EXTRACTED DATA below:

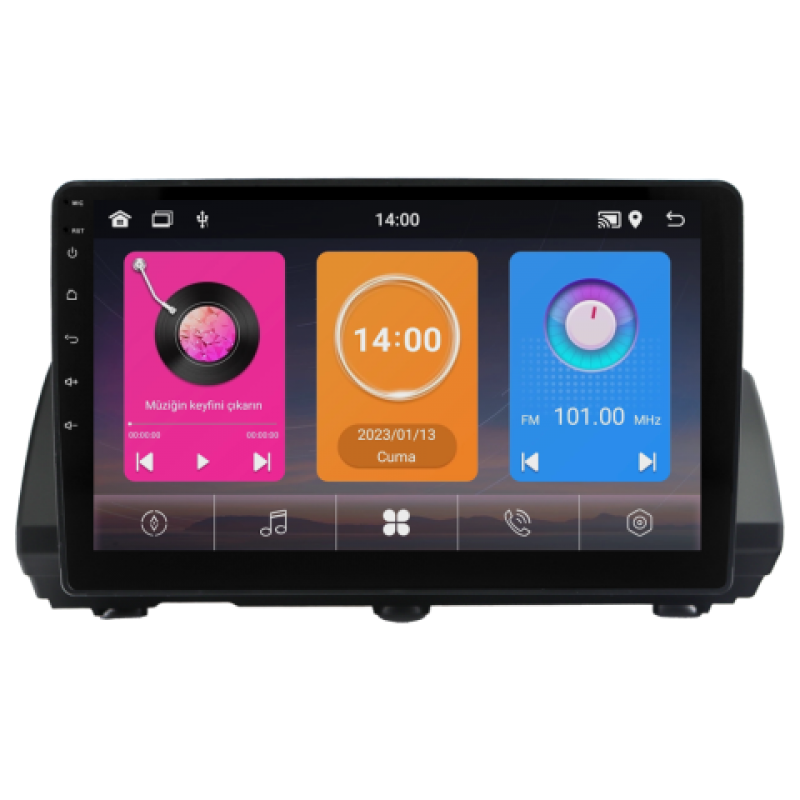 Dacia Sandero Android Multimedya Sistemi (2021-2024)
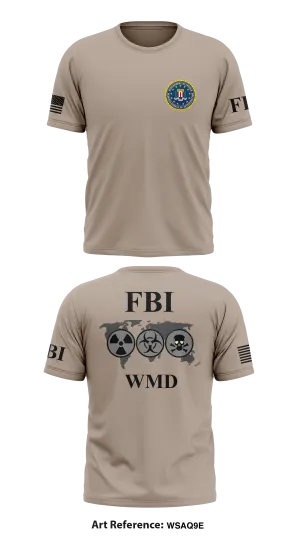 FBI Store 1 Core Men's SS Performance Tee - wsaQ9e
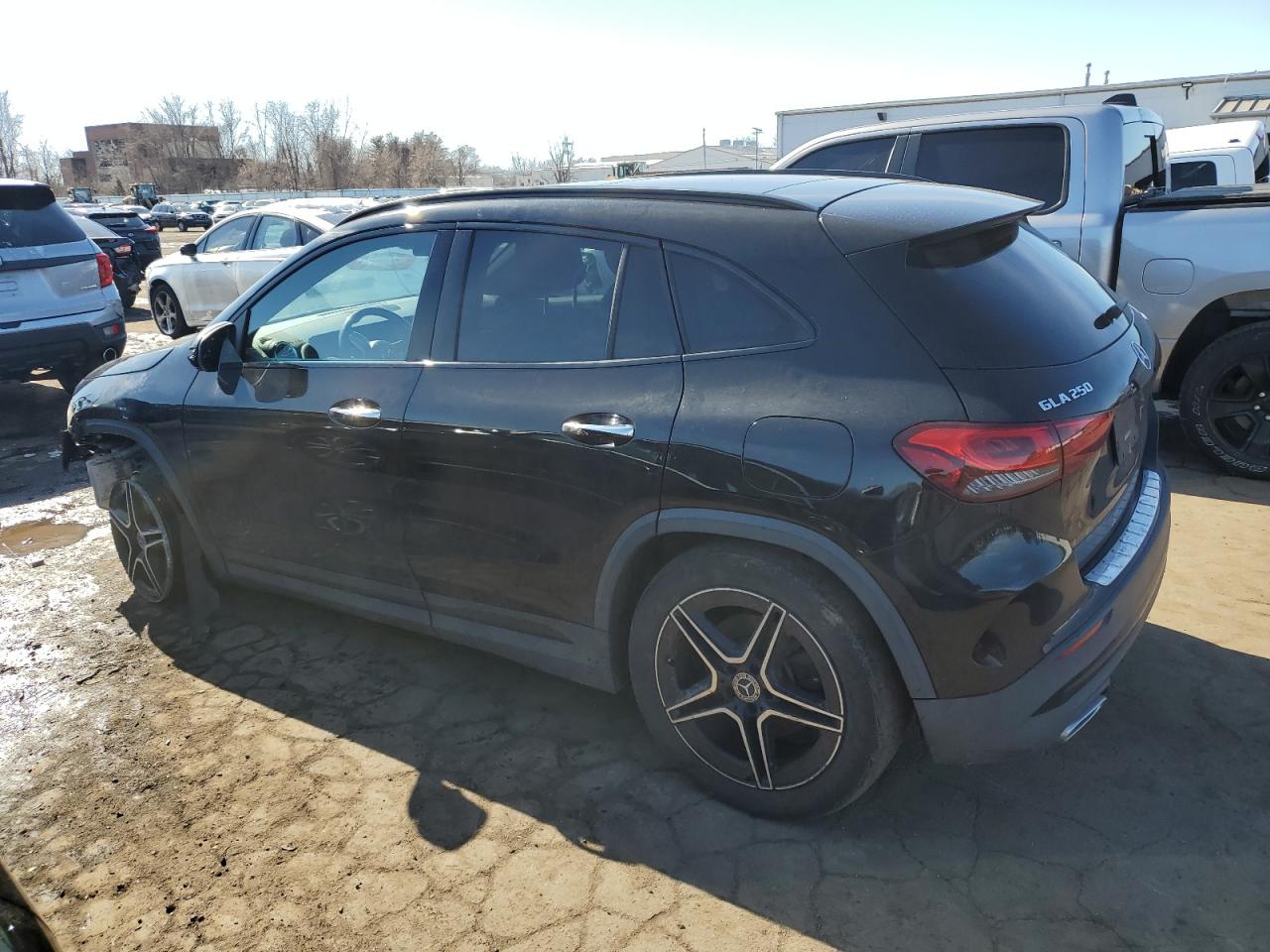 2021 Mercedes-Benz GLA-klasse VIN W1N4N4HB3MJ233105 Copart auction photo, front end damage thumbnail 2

End of EXTRACTED DATA.
EXTRACTED DATA below:

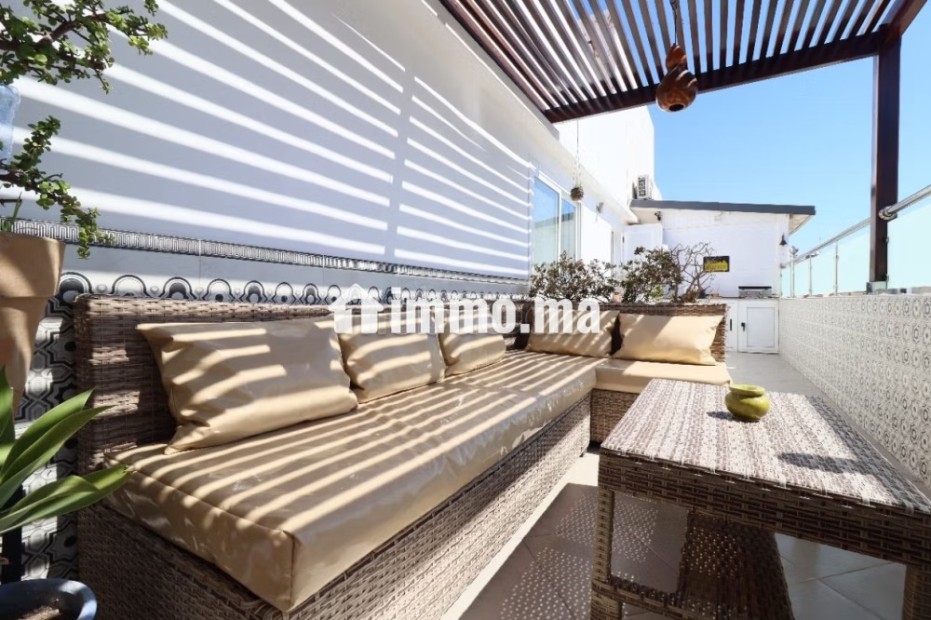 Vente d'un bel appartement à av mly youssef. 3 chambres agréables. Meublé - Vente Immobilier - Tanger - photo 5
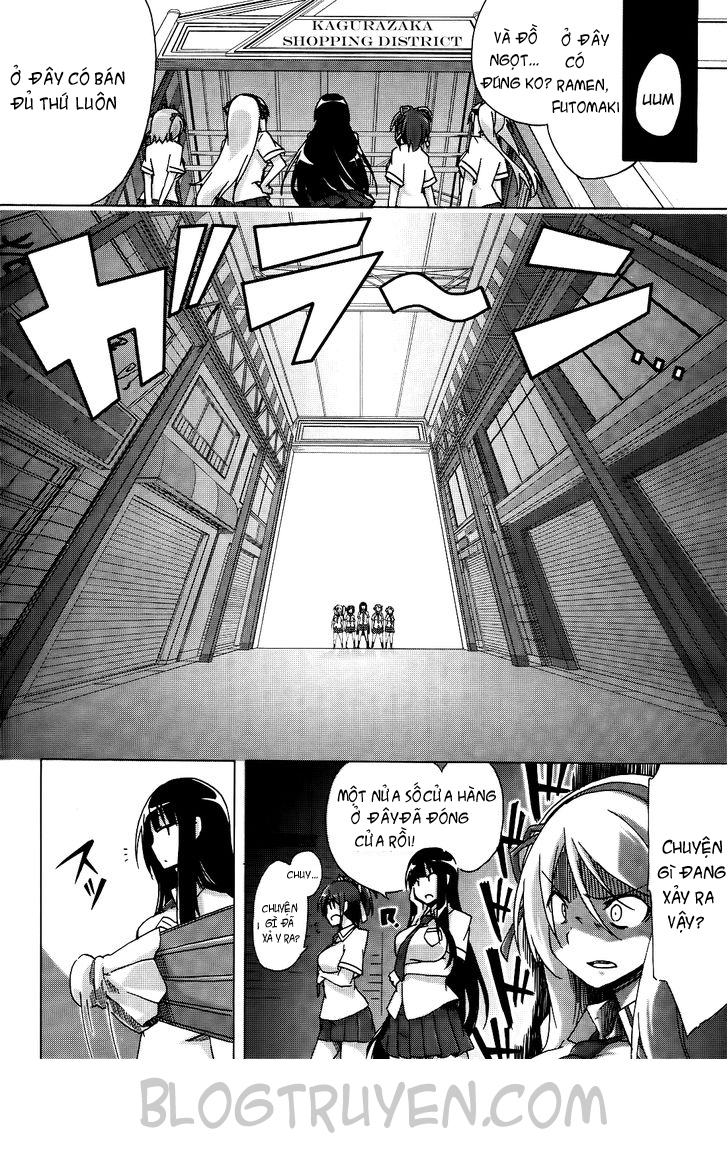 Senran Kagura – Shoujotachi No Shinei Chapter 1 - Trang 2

End of EXTRACTED DATA.

* [EXERCISE BRIEF]: Using the records above, print exactly the lines between the ones containing "Dacia Sandero Android" and "2021 Mercedes-Benz GLA-klasse", inclusive, and nothing else; no pictures.

* [ANSWER FOR THE TASK]:
 Dacia Sandero Android Multimedya Sistemi (2021-2024)
 FBI Store 1 Core Men's SS Performance Tee - wsaQ9e
 2021 Mercedes-Benz GLA-klasse VIN W1N4N4HB3MJ233105 Copart auction photo, front end damage thumbnail 2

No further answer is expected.